Since our bicycles deserve a proper service after the 7000 kilometers we have ridden, we set off again on Thursday in the direction of Tbilisi. This time on the main road. Thanks to tailwind and altitude meters we roll into the capital again after a ridiculous two and a half hours and look forward to the open people in the Tbilisi commune.
On Monday we set off for Telavi in the Kacheti region. The small town attracts us with another Work Away offer: “Help us start our permaculture garden and help with small work on the house”, is written on the profile of Julie and Jean-Michele.
In Telavi, we spend three weeks in the stately home of Julie and Jean-Michele. We are fed splendidly-the two are professional cooks from Malaysia and France, respectively-and work less in the garden and much more in the house. Louie expertly builds and mends, I occupy myself with less fulfilling tasks like scraping glue and cement from window frames, painting, siliconizing (already a bit more exciting) and filling cracks.

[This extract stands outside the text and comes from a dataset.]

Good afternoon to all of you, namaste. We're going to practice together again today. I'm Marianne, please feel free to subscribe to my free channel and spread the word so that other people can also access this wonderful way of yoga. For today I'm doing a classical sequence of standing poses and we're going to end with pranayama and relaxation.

Corona conditioned we do not leave the house at the beginning and enjoy the fabulous view of the great Caucasus from the still dusty garden.

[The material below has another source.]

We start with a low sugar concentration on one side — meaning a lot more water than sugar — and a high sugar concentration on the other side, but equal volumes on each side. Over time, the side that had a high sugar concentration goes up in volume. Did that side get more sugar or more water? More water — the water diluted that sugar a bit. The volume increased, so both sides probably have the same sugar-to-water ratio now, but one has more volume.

The days pass and we become more fidgety. When will we finally go on? The days are already noticeably longer and in the morning we hear the birds chirping. We never thought that it would be so difficult for us to take a longer break. But we are not only waiting for spring. Our visa for Iran has been applied for a long time and we are waiting for the positive decision. Finally – after two long weeks we get the news: Our visa is ready to be picked up at the embassy in Tbilisi!
What a relief! Louie finishes the last rack, I screw the freshly painted outside bench together and joyfully we pack our seven things on our bikes. On we go!